- Original title: 鼻 (Hana)
- Translator: Ivan Morris, Jay Rubin
- Country: Japan
- Language: Japanese

Publication
- Publisher: Shinshichō
- Media type: Print (Periodical and Paperback)
- Publication date: January 1916

= The Nose (Akutagawa short story) =

Short story by Ryūnosuke Akutagawa

The Nose (鼻, Hana) is a satirical short story by Ryūnosuke Akutagawa based on a thirteenth-century Japanese tale from the Uji Shūi Monogatari. "The Nose" was Akutagawa's second short story, written not long after "Rashōmon". It was first published in January 1916 in the Tokyo Imperial University student magazine Shinshichō and later published in other magazines and various Akutagawa anthologies. The story is mainly a commentary on vanity and religion, in a style and theme typical to Akutagawa's work.

==Translation==
Multiple translators have published "The Nose" in English, the most recent by Jay Rubin and published by Penguin Group.

==Plot summary==
Zenchi Naigu, a Heian period Buddhist priest, is more concerned with diminishing his overly long, dangling nose than he is with studying and teaching the sūtras. He pretends to ignore his nose in fear it will be mentioned, and studies religious texts in a desperate attempt to find a person with a nose like his. When in private, he constantly checks his nose in a mirror, hoping for even the smallest amount of shrinkage.

One autumn, a disciple reveals he has learned a new technique to shrink noses from a friend, a Chinese doctor who has become a high-ranking priest at the Chōrakuji temple in Kyoto. At first, Naigu feigns disinterest, to appeal to the misconception that he is unconcerned with his nose, but eventually “gives in” to his disciple's insisting. The disciple first boils the nose, then stomps on it, finally removing the beads of fat the treatment extracts from the nose. To Naigu's satisfaction, the nose, once dangling past his chin, is now the size of a typical hooked nose.
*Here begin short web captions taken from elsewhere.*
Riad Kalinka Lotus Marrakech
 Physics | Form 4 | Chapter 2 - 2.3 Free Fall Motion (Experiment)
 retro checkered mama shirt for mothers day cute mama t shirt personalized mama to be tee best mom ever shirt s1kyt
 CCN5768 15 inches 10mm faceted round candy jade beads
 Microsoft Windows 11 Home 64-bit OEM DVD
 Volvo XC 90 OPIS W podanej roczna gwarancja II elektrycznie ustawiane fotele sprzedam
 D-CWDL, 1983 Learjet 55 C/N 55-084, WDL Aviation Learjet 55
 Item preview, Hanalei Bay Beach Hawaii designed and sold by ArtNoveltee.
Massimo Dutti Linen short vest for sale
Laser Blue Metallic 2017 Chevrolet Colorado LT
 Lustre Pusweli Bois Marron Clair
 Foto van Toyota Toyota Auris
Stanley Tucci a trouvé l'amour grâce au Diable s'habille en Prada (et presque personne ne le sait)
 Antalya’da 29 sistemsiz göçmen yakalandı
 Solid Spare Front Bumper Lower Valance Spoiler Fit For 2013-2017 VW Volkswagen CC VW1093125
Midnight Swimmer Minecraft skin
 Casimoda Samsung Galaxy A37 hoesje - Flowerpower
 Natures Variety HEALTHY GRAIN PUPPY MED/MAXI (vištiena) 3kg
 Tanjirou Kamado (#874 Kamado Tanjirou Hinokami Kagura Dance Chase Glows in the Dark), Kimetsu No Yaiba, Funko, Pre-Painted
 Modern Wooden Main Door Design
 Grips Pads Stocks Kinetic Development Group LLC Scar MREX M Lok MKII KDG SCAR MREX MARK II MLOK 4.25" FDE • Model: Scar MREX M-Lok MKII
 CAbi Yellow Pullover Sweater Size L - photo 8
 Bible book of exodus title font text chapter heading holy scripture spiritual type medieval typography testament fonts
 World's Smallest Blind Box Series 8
Naigu, excited but nervous, sets about his weekly routines. He is surprised, however, to find the people he encounters laughing at him far more openly than they had before. Naigu becomes bitter and harsh, to the point where one disciple proclaims: “Naigu will be punished for treating us so harshly instead of teaching us Buddha’s Law”. People continue to laugh at Naigu for his vanity, until one day, Naigu wakes up, and to his relief and rejoicing, his nose has returned to its original length.

==Characters==
- Naigu
A Buddhist priest ascribed the “wisdom of zen”, his life is consumed with an obsession over his nose, which dangles past his mouth at about five or six inches. He looks through the scriptures to find reference of others with his peculiar predicament, but achieves no success. When he finds a method to shorten his nose, he becomes flippant when people laugh at his vanity. Eventually, when his nose grows back, he rejoices in his condition.
- Disciple
A follower of Naigu who informs his master of a method to shorten his nose. He later joins the others in his criticism of Naigu, upset that Naigu is more interested in his vanity than in teaching the scriptures.

==Major themes==
Akutagawa explores the themes of vanity and egotism in "The Nose". Naigu's vanity leads him to obsess only with his nose. This vanity eventually breeds disfigurement and a coldness from his peers, recognizing Naigu's egotism taking precedence over his religious studies and teaching. Instead of his status as a renowned priest, Naigu views his nose as the source of how society will judge him. As is typical with Akutagawa, these inherently modern psychological themes are directly injected into ancient stories and myth.

==Literary significance and reception==
Akutagawa gained much of his initial fame from "The Nose", one of his earliest works.

After reading "The Nose", the renowned writer Natsume Sōseki sent a letter to Akutagawa, praising his work:
	I found your piece ["The Nose"] very interesting. Sober and serious without trying to be funny. It exudes humor, a sure sign of refined taste. Furthermore, the material is fresh and eye-catching. Your style is well-published, admirably fitting.

The story was praised by Arkady Strugatsky who translated it into Russian in 1971.

===References to other works===
The story makes numerous references to the Buddhist scriptures, mentioning many characters from them, such as Mokuren, Sharihotsu, Ryūju, Memyō, and the Bodhisattvas.
It also makes reference to a Chinese story where the Chinese Shu Han emperor Liu Bei is said to have had long ears.

==References to actual geography==
The story makes reference to Chōraku-ji Temple, a Buddhist temple in Shimoda, Shizuoka where the story's Chinese doctor formerly became a high-ranking priest.

"The Nose" also makes reference to the Kyoto Imperial Palace, where Naigu is one of the few honored priests able to minister within the palace walls.